The saintly aura that has enveloped Ronald Reagan in the minds of many who consider themselves social conservatives and independent thinkers – and I count myself among them; and I voted for Reagan in both 1980 and 1984 – has eclipsed the memory of his infamous 1985 visit to the military cemetery in Bitburg, Germany. Elie Wiesel famously told Mr. Reagan, “That place, Mr. President, is not your place.”
Bitburg comes to mind in the wake of the announcement that President Obama will be visiting Peace Memorial Park in Hiroshima, Japan, more than 70 years after the United States dropped an atomic bomb on the city – and then, three days later, another, on Nagasaki – killing upward of 200,000 people and leaving unknown numbers with illnesses born of radiation exposure. Mr. Obama will be the first sitting president to visit the site, and is being criticized by some for his plan to do so.
The wisdom, propriety and necessity of President Harry Truman’s decision to unleash nuclear destruction on the Japanese cities on August 6 and August 9, 1945 have been debated for decades. Japan had attacked the U.S. first, at Pearl Harbor, had starved, beaten and executed American prisoners of war and seemed undeterred by Germany’s May 7 surrender to the Allies.
Truman maintained that the bombings, by accelerating the Japanese surrender, saved countless American lives. “The Japanese began the war from the air at Pearl Harbor,” he proclaimed. “They have been repaid many fold.” And the bombings had been ordered “in order to shorten the agony of war, in order to save the lives of thousands and thousands of young Americans.”
Some historians, however, have judged these decisions harshly, maintaining that there were other paths toward Japanese surrender, and that the loss of life at Hiroshima and Nagasaki was unconscionable.
For its part, the White House has stressed that the visit is not intended as an apology, but rather is a symbolic gesture to promote Mr. Obama’s nuclear nonproliferation message and highlight the reconciliation between wartime enemies that are now close allies.

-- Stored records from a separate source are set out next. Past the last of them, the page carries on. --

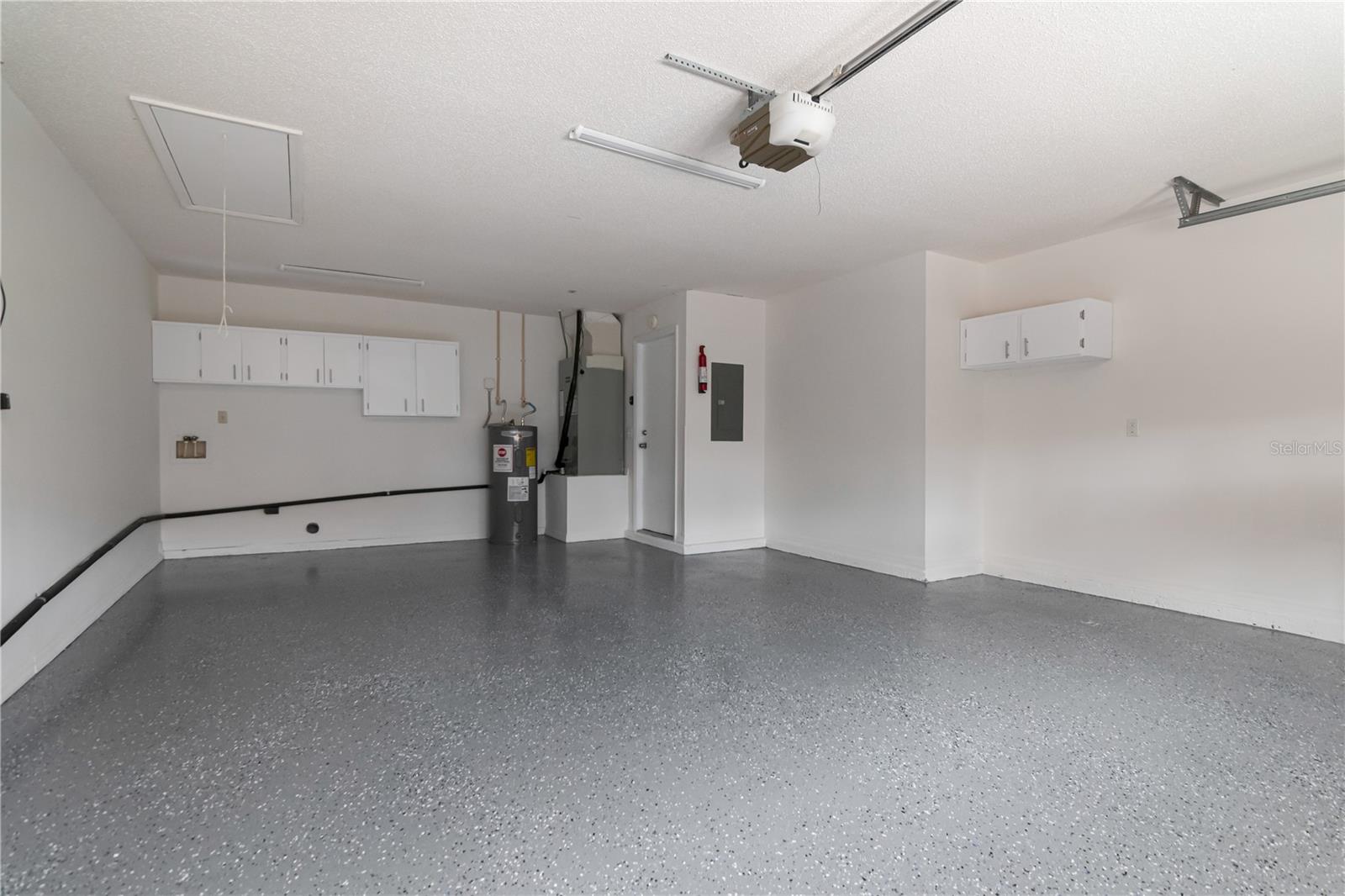 2630 LANCASTER DR — photo 33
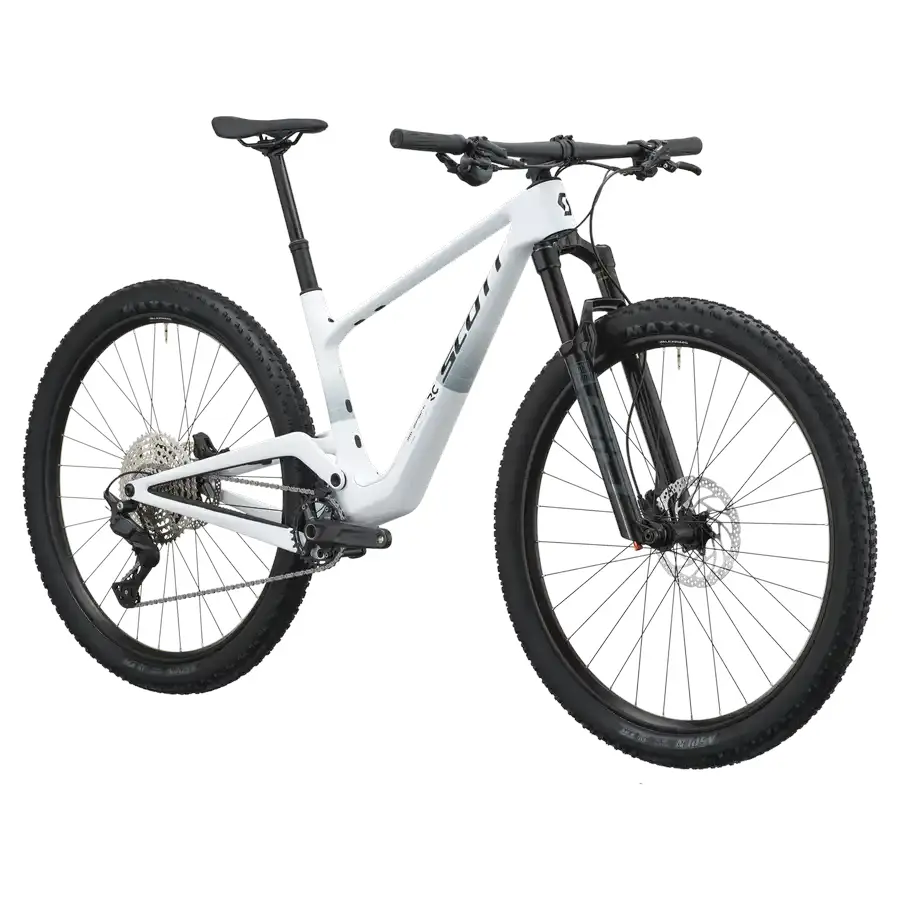 BICICLETA SCOTT SPARK RC COMP SCOTT SPARK RC COMP: XC rápido com foco em velocidade e precisão, para atacar subidas, descidas curtas e trilhos técnicos com controlo. Com prazer em cada.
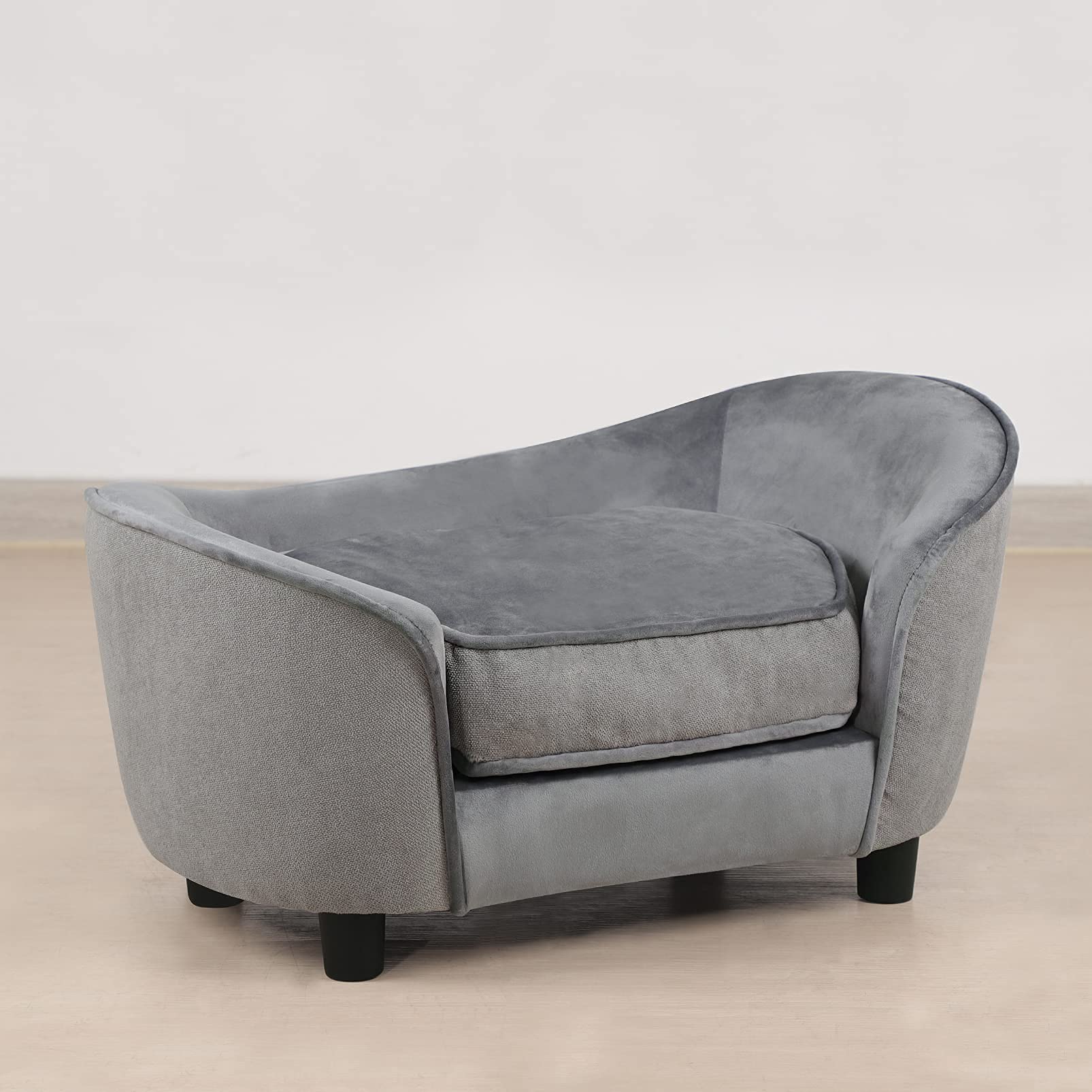 Tapizado en velvet y lino, combinación elegante para el salón.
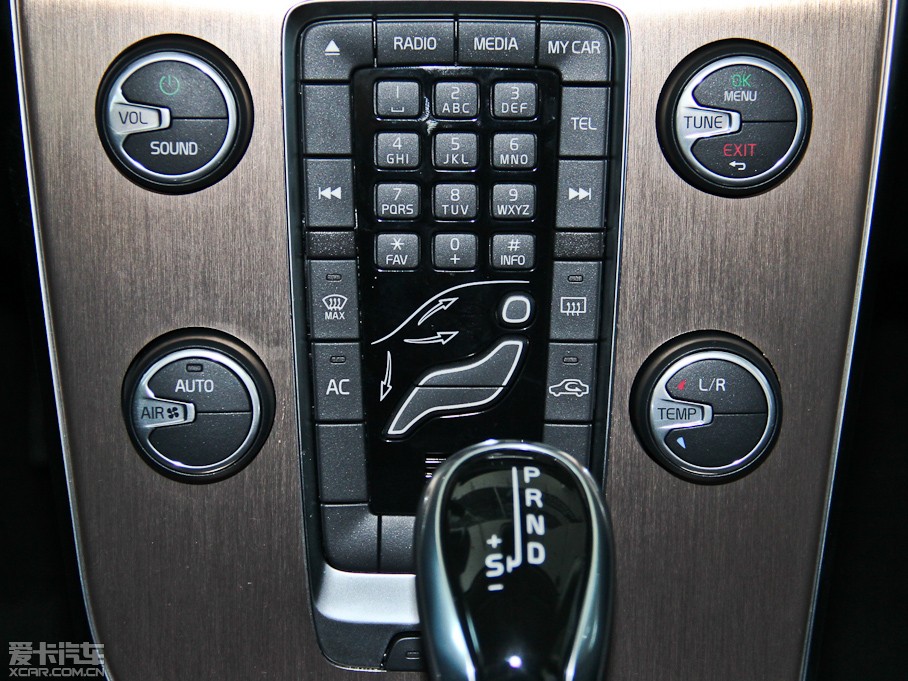 2014��V40 Cross Country 2.0T ���ݰ�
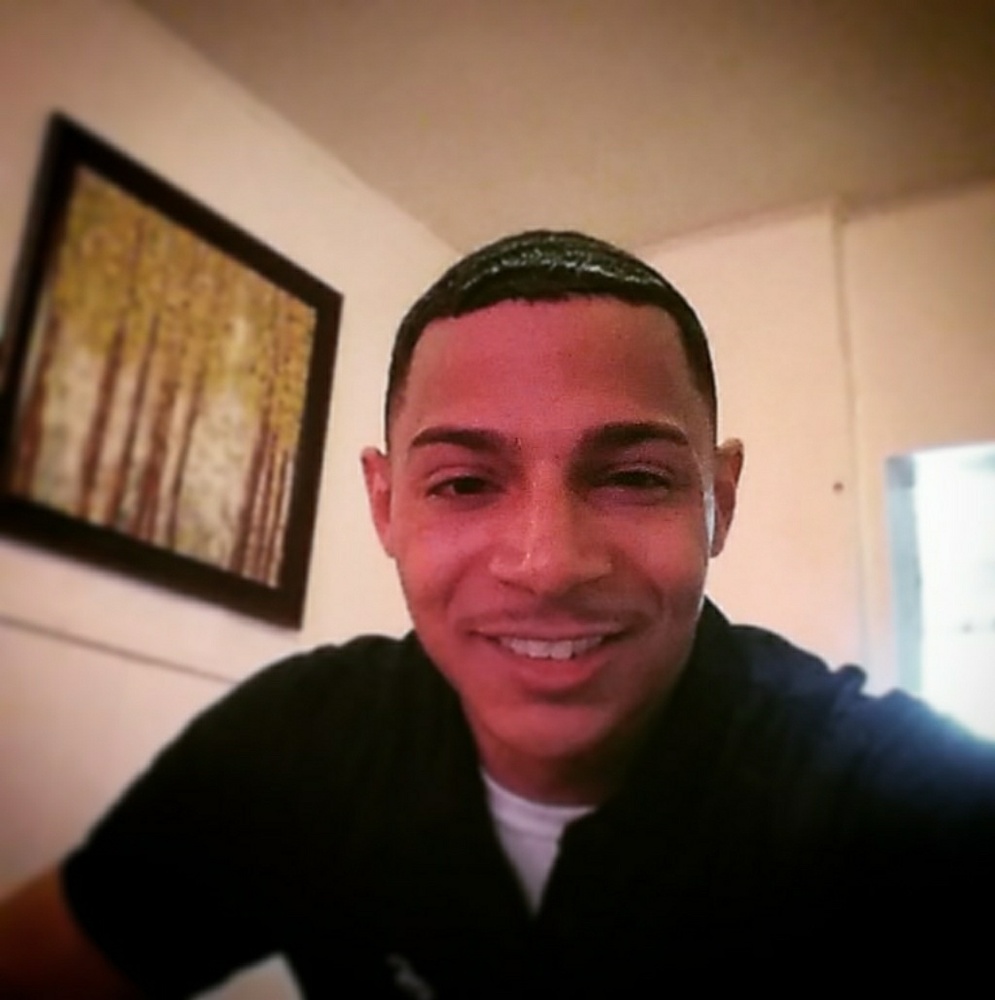 Meet your Posher, Emanuel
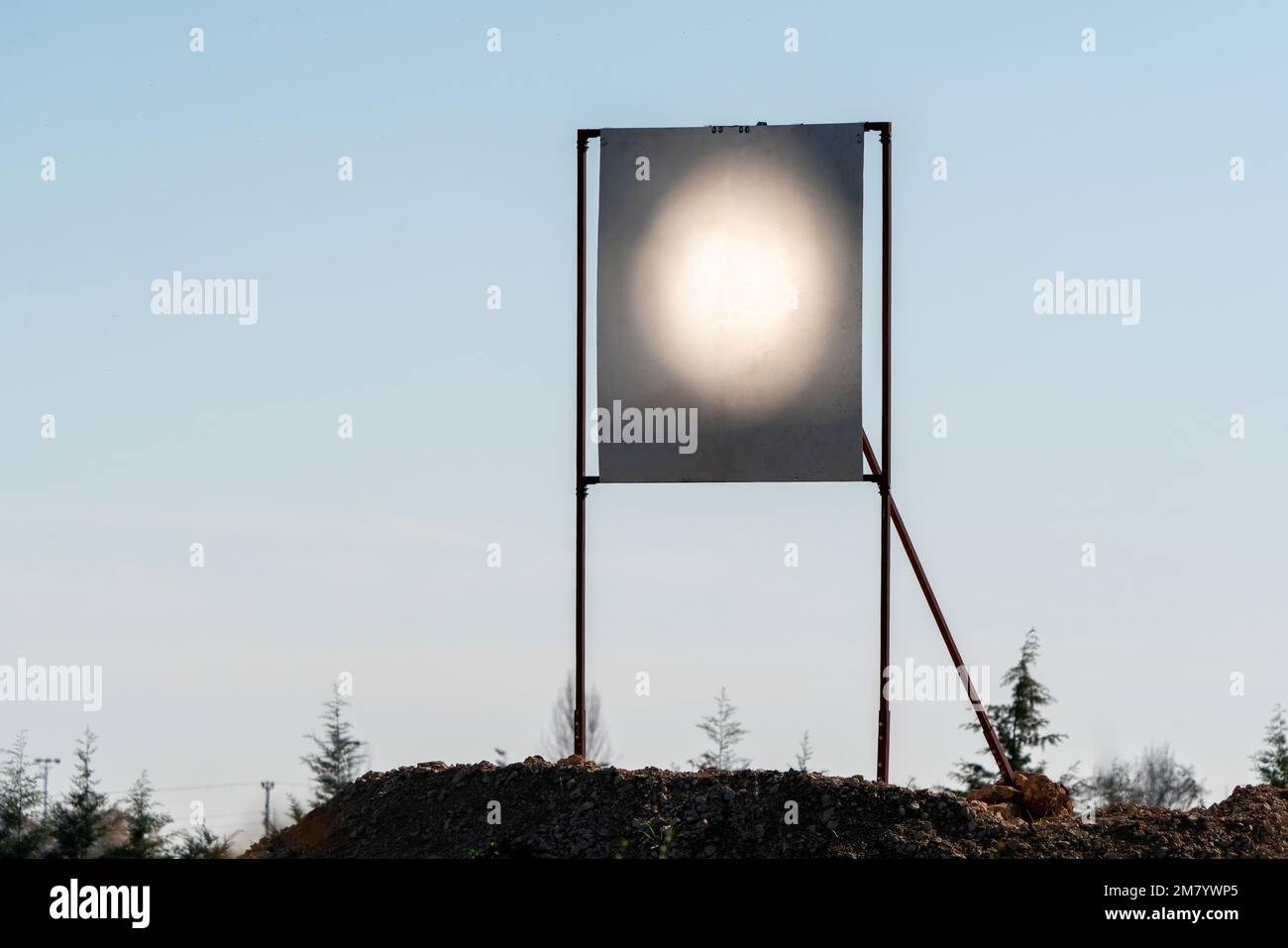 Große, flache Spiegel, die das Sonnenlicht verfolgen, werden als Heliostate bezeichnet und bündeln das Sonnenlicht auf einen Empfänger oben auf einem Turm. Heliostat-Tests werden durchgeführt. Stockfoto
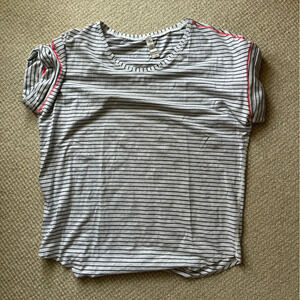 Lululemon top size 8!! Fits any size 4-8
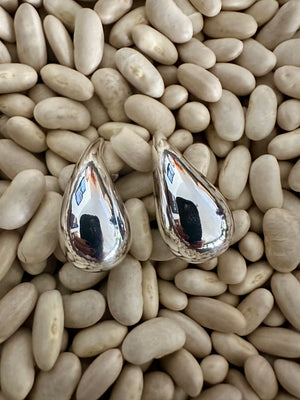 Gammie Silver Thick Teardrop Stud Earring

Nonetheless, knee-jerk Obama-bashers and knee-jerk “progressives” alike have registered their respective disgruntlements. The former have long characterized the president’s acknowledgments of U.S. misjudgments as unwarranted and unpatriotic apologies; they claim that the president’s very presence at the site is an unspoken expression of regret. And the latter believe that the U.S. in fact does owe Japan an unqualified and open mea culpa for the bombings.
Thus, “The Obama Administration Is Now Apologizing For America Winning World War II” reads the title of an opinion piece by David Harsanyi, a senior editor at The Federalist. And “America’s enduring Hiroshima shame: Why Barack Obama should apologize for the atomic bomb — but won’t” is the title of an essay by syndicated columnist Jack Mirkinson.
The guy in the Oval Office just can’t win.
Lost, though, in the political discussion of the impending visit – as is so often lost in so many political discussions – is reason. Not every expression of pain is a confession of guilt. One can regret the effects of an act without regretting the act.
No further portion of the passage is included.